*** Begin section ***

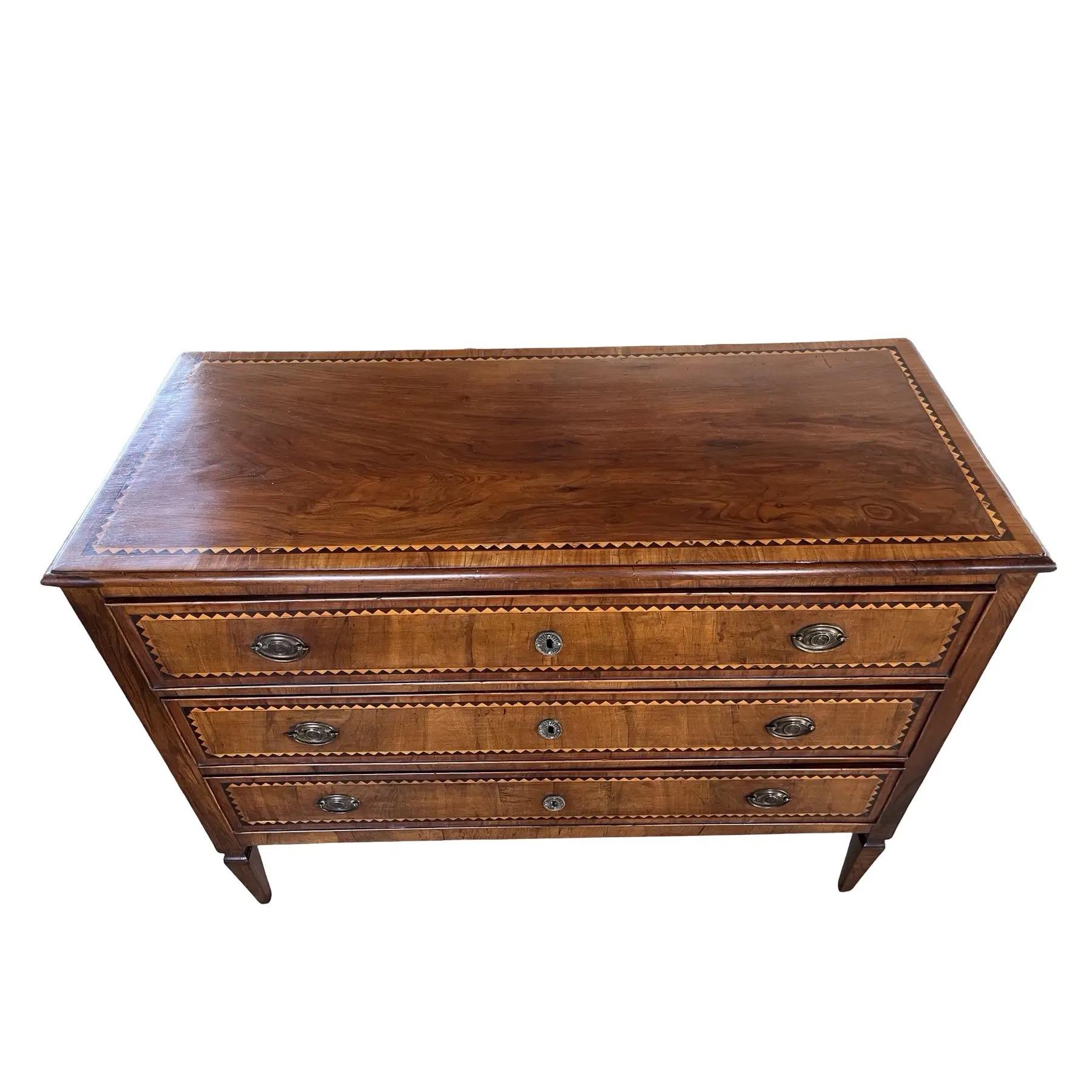 Cassettone realizzato a mano in Italia alla fine del 1700 con ciliegio e decorato con impiallacciatura in noce e intarsio ebanizzato. La cassettiera presenta le tipiche linee rette delle commodes neoclassiche italiane, con lunghe gambe affusolate e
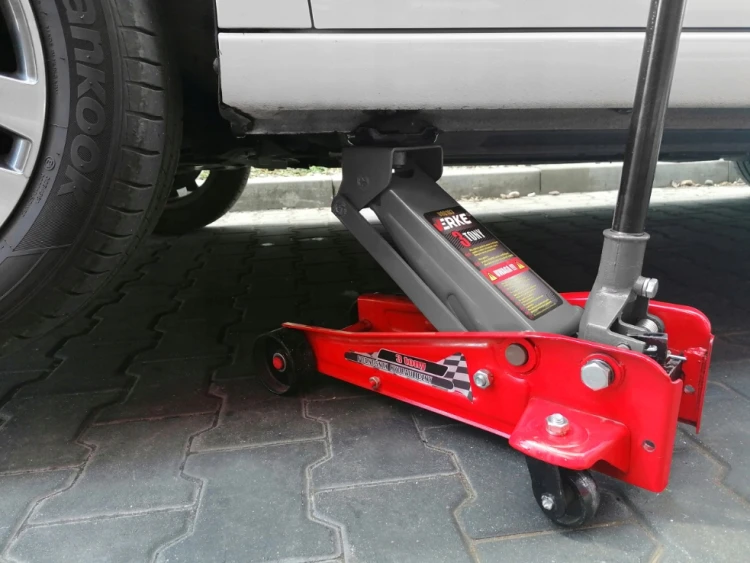 Podnośnik hydrauliczny samochodowy typu żaba 3 t 3000 kg - widok na podnośnik podnoszący samochód.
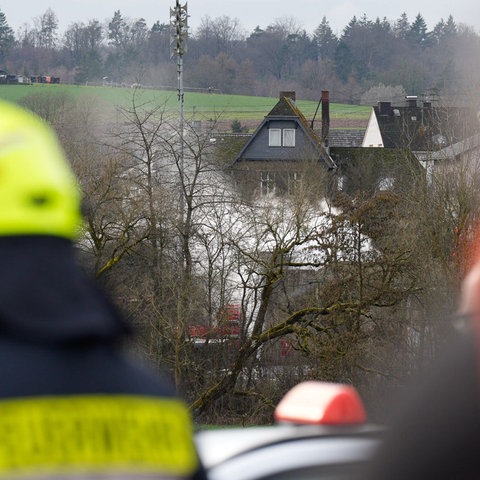 In der Ferne hinter Bäumen weißer Rauch, im Vordergrund sind Feuerwehrleute zu sehen.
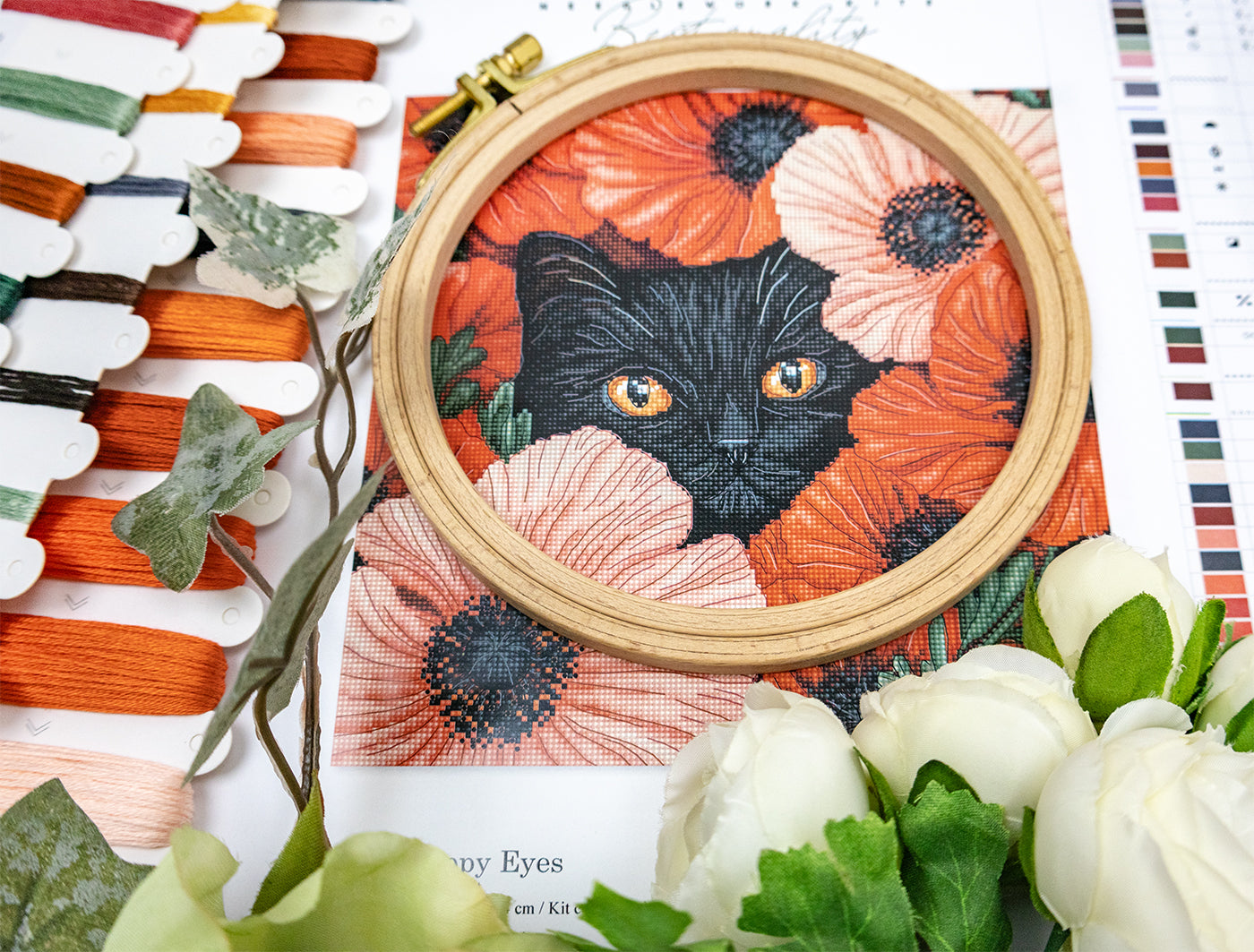 Embroidery hoop with a black cat surrounded by flowers on a floral-patterned fabric background.
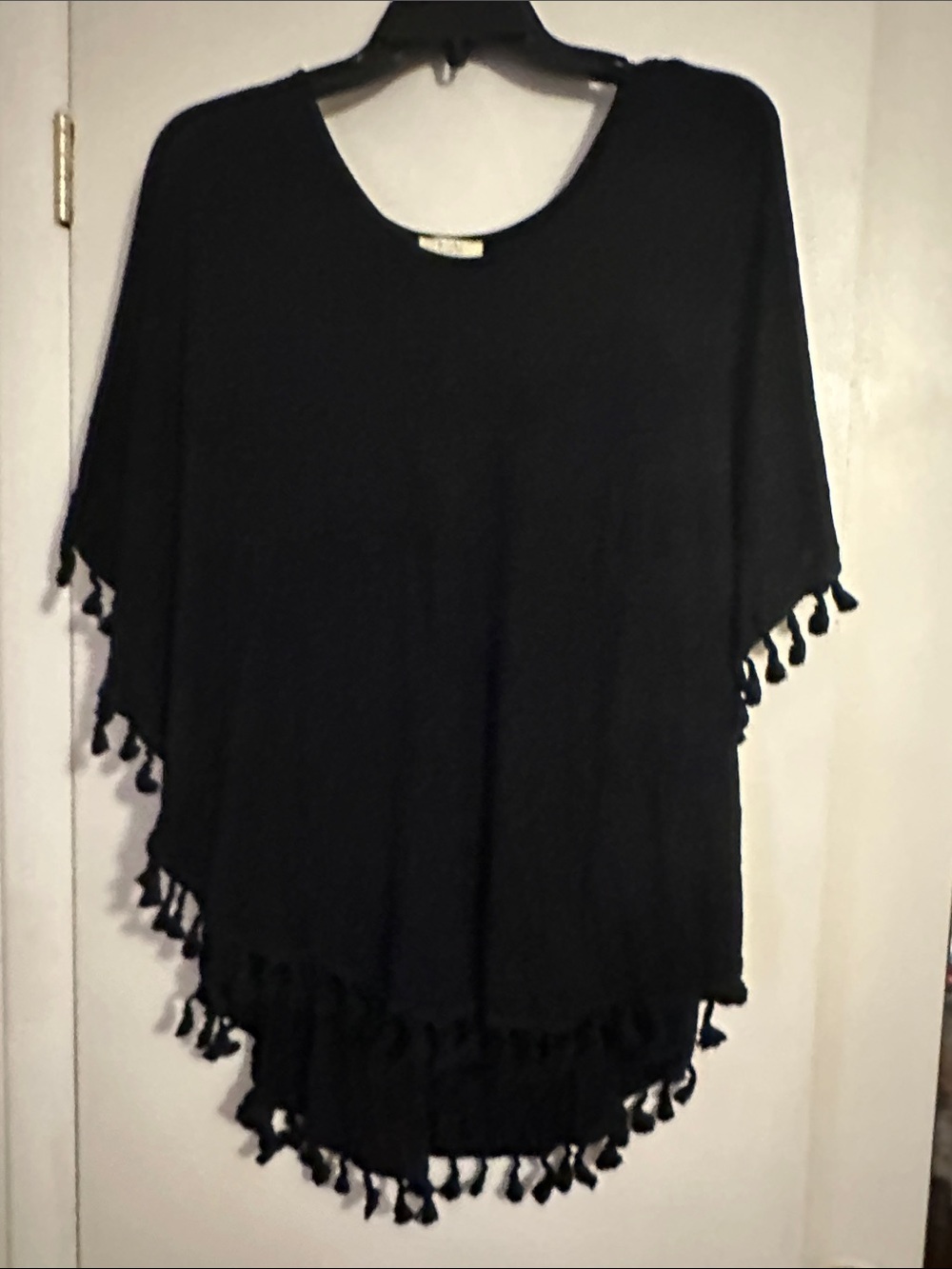 Kori Black Tassel-Hem Poncho Sweater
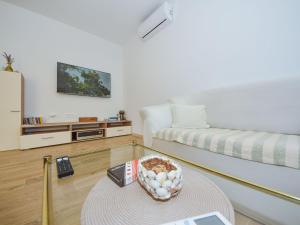 ein Wohnzimmer mit einem Sofa und einem Tisch in der Unterkunft Holiday Home House of pleasant dreams by Interhome in Veli Iž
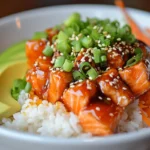 Hot Honey Salmon Bowl served in a bowl with rice & veggies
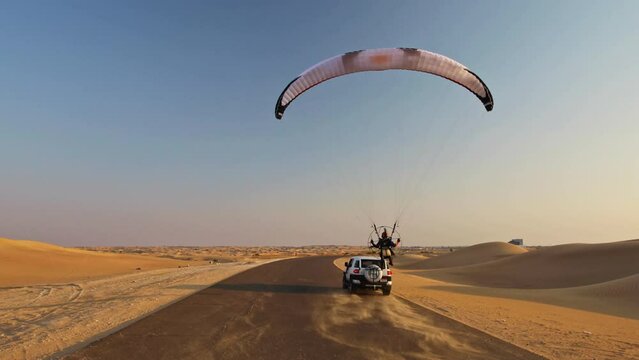 Following Close Behind Paraglider and Jeep On Desert Road - Dubai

*** End section ***

Work to be completed — Your answer is the exact run of lines above from the one with "Kori Black Tassel-Hem Poncho Sweater" through the one with "Hot Honey Salmon", both ends included, minus any picture.

Response —
 Kori Black Tassel-Hem Poncho Sweater
 ein Wohnzimmer mit einem Sofa und einem Tisch in der Unterkunft Holiday Home House of pleasant dreams by Interhome in Veli Iž
 Hot Honey Salmon Bowl served in a bowl with rice & veggies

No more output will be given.